Kittens – the first week – a question of weight5 August, 2006
What I didn’t realise was that the top teats of a mother cat (the ones located just underneath the forelegs) have less milk than the bottommost ones (the ones located closest to the hindquarters). So the kitten that ended up there would have less milk than the rest of them.
Of the two black (tortie) kittens, one got the top teat and one the bottom teat. I can’t be sure, but it could have been the seventh kitten that got the top teat.
I’d weighed all the kittens when they were born, and they ranged from 110g to 132g. I wasn’t conscientious about weighing them and keeping records, and there lay my mistake.
By the end of the week the heaviest kitten weighed in at 210g. The smallest weighed 150g. That was a good 60g difference between them. And of course the smallest was the little tortie girl.
So I resorted to topping-up the tortie’s milk. Some breeders say you shouldn’t hand-feed kittens because in the wild, it’s not something mother cats do, that really, kittens should be allowed to fight for their teats. Others said that as long as it wasn’t more than eight kittens, mummy cat would be fine feeding them. But I was worried that if I didn’t top-up the kitten it would continue to lose ground to the larger kittens. 60g may not seem much but in terms of proportion it could be significant later on.
The milk I used was the powdered variety, a brand called KMR, and supposed to be one of the best on the market. I had a Catac kitten bottle and teat – the bottle was the type that looks like a banana and open at both ends.

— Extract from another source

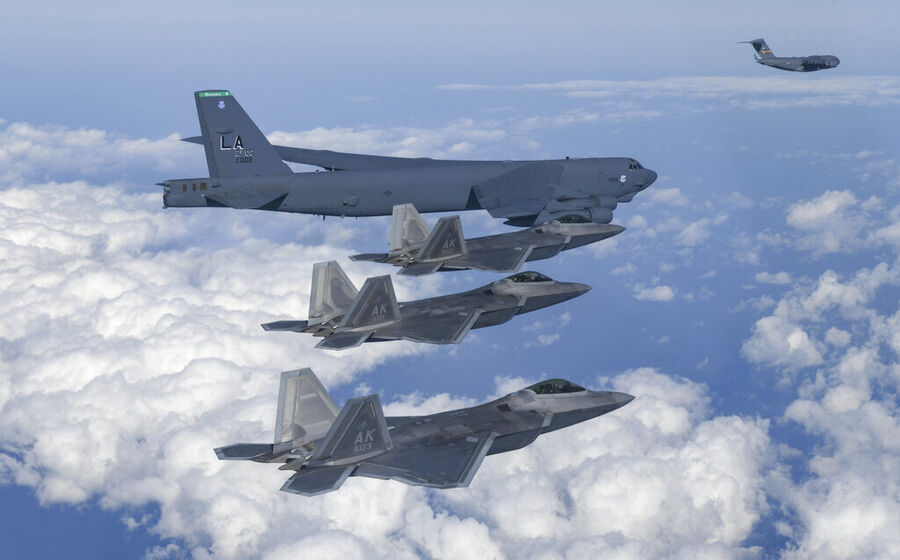 EUA avaliam possibilidade de destacar bombardeiros nucleares para mais países europeus da NATO.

In theory, you made the formula up (one spoon of powder to one of water for newborns), filled the bottle at the wide end, slipped the silicone teat over the small narrow end, and there you were … all ready to feed the kitten.
In practice, it’s a messy business in the beginning. The kitten can’t see you, it thinks you’re some sort of evil predator when you pick it up and squeals for its mum to save it. Mum who’s lying down feeding the other kittens comes to its rescue. In the meantime, the other kittens are still tenaciously suckling off her when she charges out of the box with them dangling from her belly, so you’re forced to quickly rescue the kittens before they fall.
And when you manage to get the teat into the kitten’s mouth it mumbles round the teat and the milk goes everywhere, especially if you’re wearing pyjamas.
The good news is that afer I widened the hole on the teat, the kitten got the hang of the yummy stuff coming out of the bottle. There is a danger that if the kitten drinks too fast, the milk could go down the wrong way – into its lungs – so that’s something to watch out for. Me, being paranoid and cautious, every time the kitten moved its head, I thought it was choking and immediately removed the teat.
Despite topping-up two to three feeds a day, the kitten still wasn’t catching up with the others, so I consulted my homeopathy books. I still wasn’t confident of my ability to get the correct remedy so I consulted a homeopath and was recommended calcarea phosphorica.
I gave it several doses of calc phos, but can’t say I noticed any difference.
The kitten has put on weight, but hasn’t caught up with the other kittens. It’s fine in every other way – it’s lively, and meeting all the kitten milestones. The only difference between it and the others is size, and even then, without weighing it, I wouldn’t be able to detect the difference.
A breeder I spoke to says that it will probably just be a small kitten. Having said that, last year, the smallest kitten in the litter is now a grown-up young lady, very long and muscular and as large as the other two adult cats in the owner’s household. So I really must stop worrying.
By the way, because the kitten always squeals and rushes to the edge of the pen when it sees me and won’t stop squealing until I’ve picked her up, I’ve named her Squeaky until I manage to get a posh pedigree name for it.